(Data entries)
§ §

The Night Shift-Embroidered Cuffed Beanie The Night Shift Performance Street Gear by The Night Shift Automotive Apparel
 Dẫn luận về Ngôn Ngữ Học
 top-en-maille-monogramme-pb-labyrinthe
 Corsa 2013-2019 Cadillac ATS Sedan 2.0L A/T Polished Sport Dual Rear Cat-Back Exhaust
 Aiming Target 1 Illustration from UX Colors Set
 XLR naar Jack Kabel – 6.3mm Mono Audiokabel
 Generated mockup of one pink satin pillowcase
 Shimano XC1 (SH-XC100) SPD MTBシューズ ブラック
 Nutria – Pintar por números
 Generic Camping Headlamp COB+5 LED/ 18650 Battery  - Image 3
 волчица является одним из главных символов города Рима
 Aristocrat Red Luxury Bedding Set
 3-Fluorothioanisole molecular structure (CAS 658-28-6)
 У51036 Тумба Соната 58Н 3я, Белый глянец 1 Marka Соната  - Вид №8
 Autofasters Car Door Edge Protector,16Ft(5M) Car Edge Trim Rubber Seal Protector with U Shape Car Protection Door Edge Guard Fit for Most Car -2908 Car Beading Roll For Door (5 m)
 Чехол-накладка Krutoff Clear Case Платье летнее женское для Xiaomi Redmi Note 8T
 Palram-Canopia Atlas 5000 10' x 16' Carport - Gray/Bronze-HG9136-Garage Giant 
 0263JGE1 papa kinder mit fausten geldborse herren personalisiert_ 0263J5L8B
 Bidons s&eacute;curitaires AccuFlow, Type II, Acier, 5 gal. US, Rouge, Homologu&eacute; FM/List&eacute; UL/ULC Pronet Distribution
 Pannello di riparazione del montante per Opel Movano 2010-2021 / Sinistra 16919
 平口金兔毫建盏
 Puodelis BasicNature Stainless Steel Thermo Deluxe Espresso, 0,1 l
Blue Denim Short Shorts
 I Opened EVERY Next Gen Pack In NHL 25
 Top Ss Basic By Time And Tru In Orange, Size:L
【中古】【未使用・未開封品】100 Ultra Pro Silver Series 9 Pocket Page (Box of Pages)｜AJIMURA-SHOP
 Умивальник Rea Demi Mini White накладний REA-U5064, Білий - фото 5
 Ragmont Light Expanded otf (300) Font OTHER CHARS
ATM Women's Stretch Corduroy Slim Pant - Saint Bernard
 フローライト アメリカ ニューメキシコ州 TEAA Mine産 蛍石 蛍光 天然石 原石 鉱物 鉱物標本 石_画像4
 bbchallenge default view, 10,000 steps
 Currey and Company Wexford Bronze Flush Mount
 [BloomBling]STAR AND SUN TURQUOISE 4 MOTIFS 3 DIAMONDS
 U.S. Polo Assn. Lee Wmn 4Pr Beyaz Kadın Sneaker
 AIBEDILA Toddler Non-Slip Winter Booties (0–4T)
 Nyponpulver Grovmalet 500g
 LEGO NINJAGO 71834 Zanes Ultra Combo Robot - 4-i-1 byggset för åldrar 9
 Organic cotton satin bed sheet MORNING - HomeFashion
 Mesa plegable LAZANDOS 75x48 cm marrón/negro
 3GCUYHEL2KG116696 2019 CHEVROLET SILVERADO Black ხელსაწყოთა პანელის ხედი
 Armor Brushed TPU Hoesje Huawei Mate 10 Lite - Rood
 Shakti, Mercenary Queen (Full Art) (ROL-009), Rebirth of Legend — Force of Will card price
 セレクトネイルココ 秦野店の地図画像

§ §

With the line containing "Ragmont Light Expanded" as the first and the final line of the entries above as the last, write out that span exactly and nothing more.

 Ragmont Light Expanded otf (300) Font OTHER CHARS
ATM Women's Stretch Corduroy Slim Pant - Saint Bernard
 フローライト アメリカ ニューメキシコ州 TEAA Mine産 蛍石 蛍光 天然石 原石 鉱物 鉱物標本 石_画像4
 bbchallenge default view, 10,000 steps
 Currey and Company Wexford Bronze Flush Mount
 [BloomBling]STAR AND SUN TURQUOISE 4 MOTIFS 3 DIAMONDS
 U.S. Polo Assn. Lee Wmn 4Pr Beyaz Kadın Sneaker
 AIBEDILA Toddler Non-Slip Winter Booties (0–4T)
 Nyponpulver Grovmalet 500g
 LEGO NINJAGO 71834 Zanes Ultra Combo Robot - 4-i-1 byggset för åldrar 9
 Organic cotton satin bed sheet MORNING - HomeFashion
 Mesa plegable LAZANDOS 75x48 cm marrón/negro
 3GCUYHEL2KG116696 2019 CHEVROLET SILVERADO Black ხელსაწყოთა პანელის ხედი
 Armor Brushed TPU Hoesje Huawei Mate 10 Lite - Rood
 Shakti, Mercenary Queen (Full Art) (ROL-009), Rebirth of Legend — Force of Will card price
 セレクトネイルココ 秦野店の地図画像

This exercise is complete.